The most noteable functions are:
```JLpyUtils.plot.corr_matrix()```: Plot a correlation matrix chart
```JLpyUtils.plot.ccorr_pareto()```: Plot a pareto bar-chart for 1 label of interest within a correlation dataframe
```JLpyUtils.plot.hist_or_bar()```: Iterate through each column in a dataframe and plot the histogram or bar chart for the data.

### JLpyUtils.img
This module contains functions/classes related to image analysis, most of which wrap SciKit image functions in some way.

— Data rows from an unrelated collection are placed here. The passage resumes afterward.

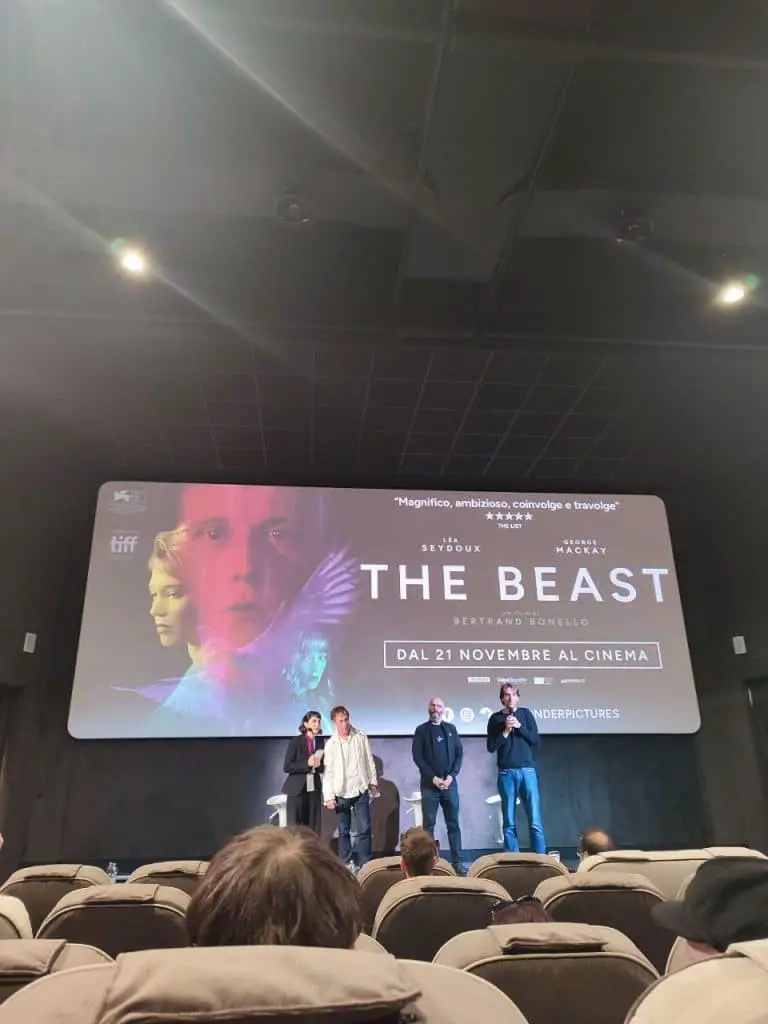 The beast: indimenticabile intervista a lucca 2024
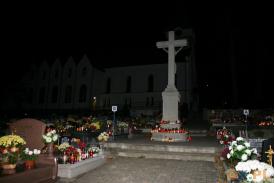 Cmentarze we Wszystkich Świętych. Istebna i Koniaków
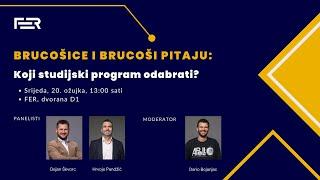 Brucošice i brucoši pitaju: Koji studijski program odabrati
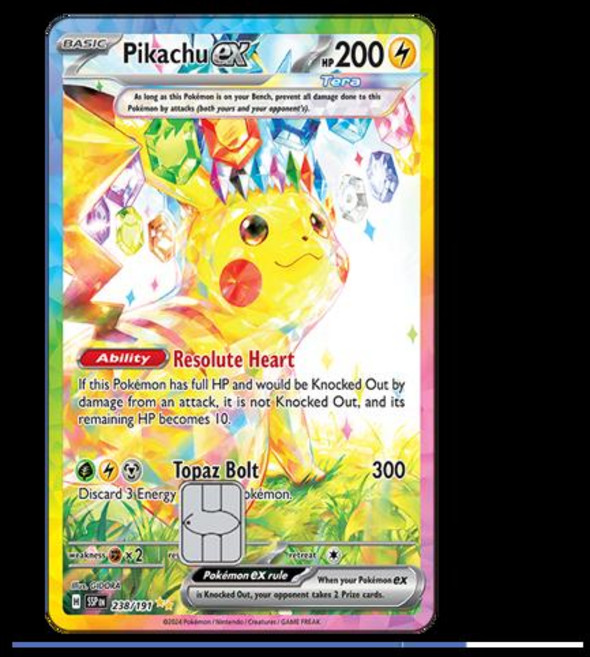Sv8a PTCG Eevee 신용카드 스킨 스티커 VISA 직불카드를 위한 Eeveelution 시리즈 장식 없음, Matte-Big Chip, 3-1PCS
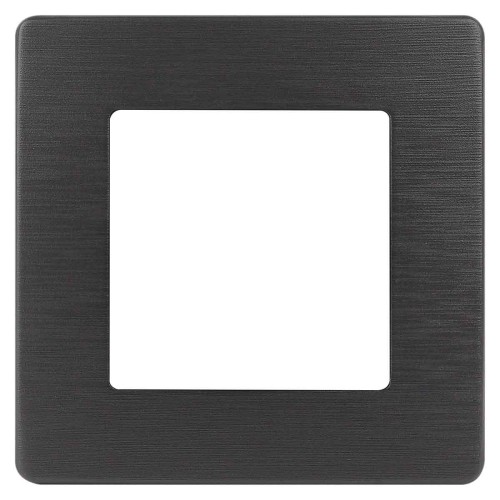 Рамка 1-постовая ЭРА 12 сатин графит 12-5101-12 Б0052505, купить в Минске по самой низкой цене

The most noteable functions are: 
```JLpyUtils.img.auto_crop.use_edges()```: Use skimage.feature.canny method to find edges in the image passed and autocrop on the outermost edges
```JLpyUtils.img.decompose_video_to_img()```: Use cv2 to pull out image frames from a video and save them as png files


### JLpyUtils.kaggle
This module contains functions for interacting with kaggle. The simplest and most useful function is:
```
JLpyUtils.kaggle.competition_download_files(competition)
```
where ```competition``` is the competition name, such as  "home-credit-default-risk"

### JLpyUtils.file_utils
This module contains simple but extremely useful helper functions to save and load standard file types including 'hdf', 'csv', 'json', 'dill'. Essentially the ```save``` and ```load``` functions take care of the boiler plate operations related to saving or loading on the file-types specified above.